From Sputnik to SATCOM
By Jim Sparks
It all began on October 4, 1957 with a crescendo of sound and light as Sputnik 1 rocketed into earth's orbit. A steel ball, weighing 184 pounds with a 23-inch diameter, and carrying a radio transmitter, was to be a watershed in modern history. Much of today's meteorology, communications, surveillance, and navigation are dependent upon a network of 4,000 satellites circling our planet.

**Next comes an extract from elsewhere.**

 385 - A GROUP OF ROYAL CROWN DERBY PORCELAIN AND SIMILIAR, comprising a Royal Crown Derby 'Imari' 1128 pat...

Prior to 1956, capabilities for transatlantic voice communications were limited to radiotelephones and were often limited by atmospheric conditions. When the first cables were strung across the ocean floor in 1956, it soon became apparent they could not handle the rapidly increasing volume of calls. At that time, scientists decided to look skyward for a solution. The age of airborne telecommunications began in the early 1960's with the launch of TELSTAR 1 and has been advancing ever since. In 1962, the United States formed COMSAT (Communication Satellite Corporation) with the intent of developing a worldwide stellar communications network. Two years later, this turned into a global endeavor with eleven nations joining to form INTELSAT (International Telecommunications Satellite Organization). Today more than 130 nations participate.
Early Communications Satellites
Early communications satellites did not operate in a geosynchronous orbit (that is they did not remain above one specific place on earth), which would result in periodic drifting out of the range of ground stations. For example, the early TELSTAR satellite could only communicate with ground stations on an average of four hours per day.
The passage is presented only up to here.